Do obrony rodziny oraz kultywowania i krzewienia rodzinnych wartości wezwał w niedzielę metropolita katowicki, abp Damian Zimoń, podczas mszy m.in. dla uczestników kończącego się w stolicy Górnego Śląska I Światowego Zjazdu Ślązaków.
"Rodzina należy do podstawowych wartości obecnych i pielęgnowanych w śląskiej tradycji (). Rodzina śląska, wielopokoleniowa, sakramentalnie umocniona, oparta o wspólną modlitwę w domu, o niedzielną eucharystię, o czytanie pisma świętego, o pogłębiony kult maryjny, jest przyszłością Kościoła, narodu i państwa" - wskazał hierarcha.
Arcybiskup nazwał rodzinę "skarbem skarbów", którego trzeba bronić i o który trzeba nieustannie dbać. Skrytykował tendencje do - jak mówił - niewłaściwego używania wolności w rodzinach, a także brak szacunku dla życia od poczęcia do naturalnej śmierci oraz zachwianie równowagi demograficznej.

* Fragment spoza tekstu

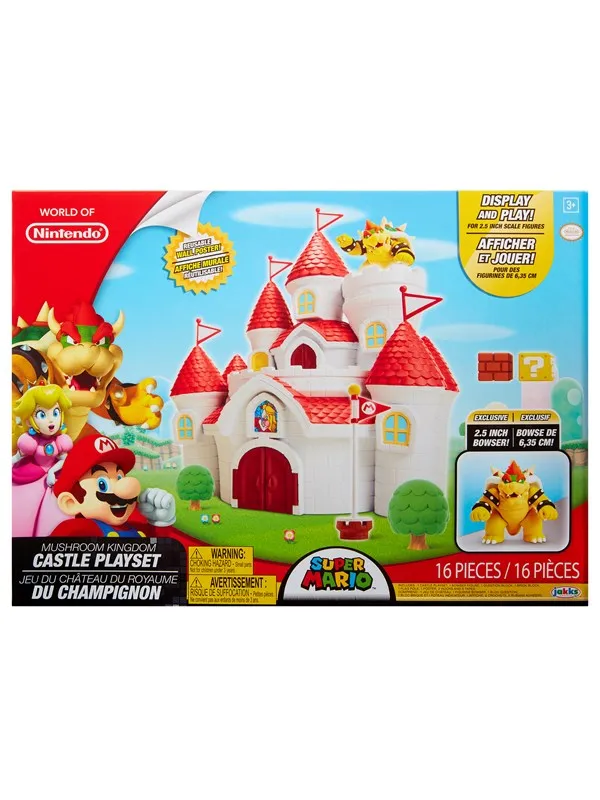 Mushroom Kingdom Slott, Lekset, Super Mario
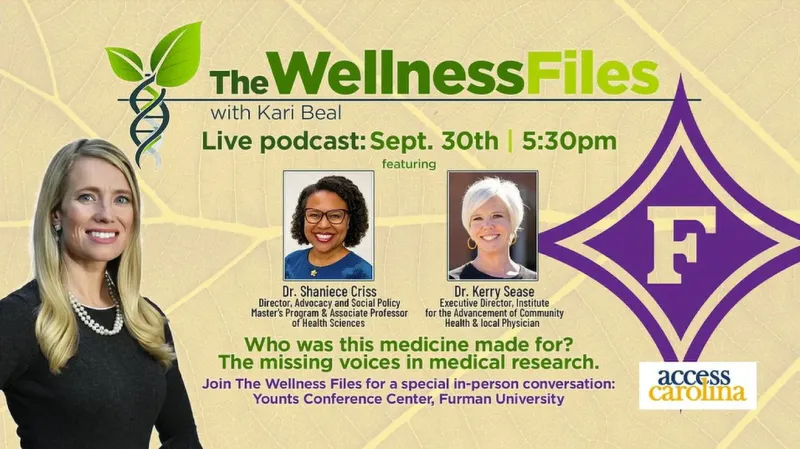 Furman's Shaniece Criss, Kerry Sease headline 'The Wellness Files' live podcast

Zwracając się do uczestników zjazdu Ślązaków, zorganizowanego przez Związek Górnośląski, metropolita podkreślił, że łączy ich przywiązanie do śląskiej ziemi. Wyraził nadzieję, że powstanie Encyklopedia Śląska, a reaktywowany w strukturach Biblioteki Śląskiej Instytut Śląski nabierze nowego rozmachu.

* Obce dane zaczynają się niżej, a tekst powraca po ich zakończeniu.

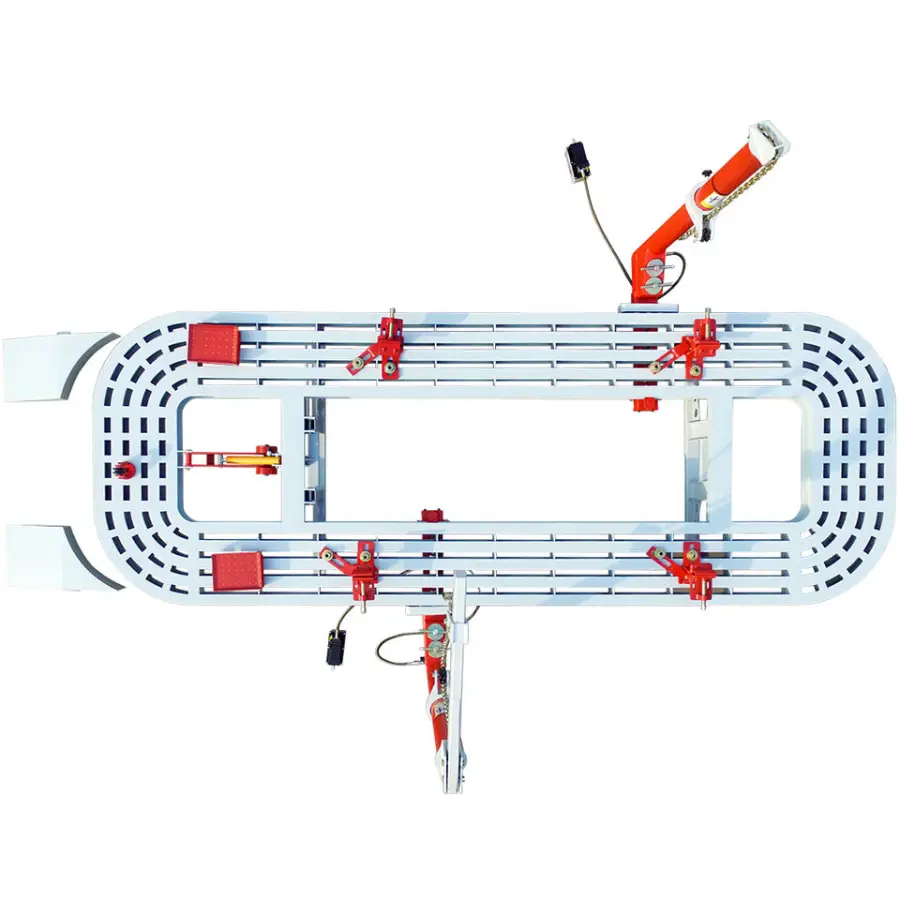 I-beam Air-over-hydraulic Pump 360 Degree Pulling Car Frame Machine with 550mm Lifting Height — image 4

Abp Zimoń podkreślił, że choć na śląskiej ziemi w ciągu wieków ewangelia czytania była w różnych językach, to w każdym z nich jest ona taka sama. Zauważył, że wciąż nie ma ewangelii po śląsku.
Metropolita wspomniał przypadającą w niedzielę drugą rocznicę katastrofy w kopalni Wujek-Śląsk, gdzie płonący metan zabił 20 górników, a ponad 30 innych ranił. Podkreślił, że trzeba popierać wszelkie działania zmierzające do poprawy warunków życia na Śląsku, aby region "coraz bardziej stawał się winnicą, a nie kamieniołomem", do którego bywa porównywany.
Obraz Śląska jako kamieniołomu abp Zimoń uznał za jednostronny. "Jest też inny Śląsk, pełen lasów i drzew, ogrodów, kultury, wyższych uczelni" - podkreślił.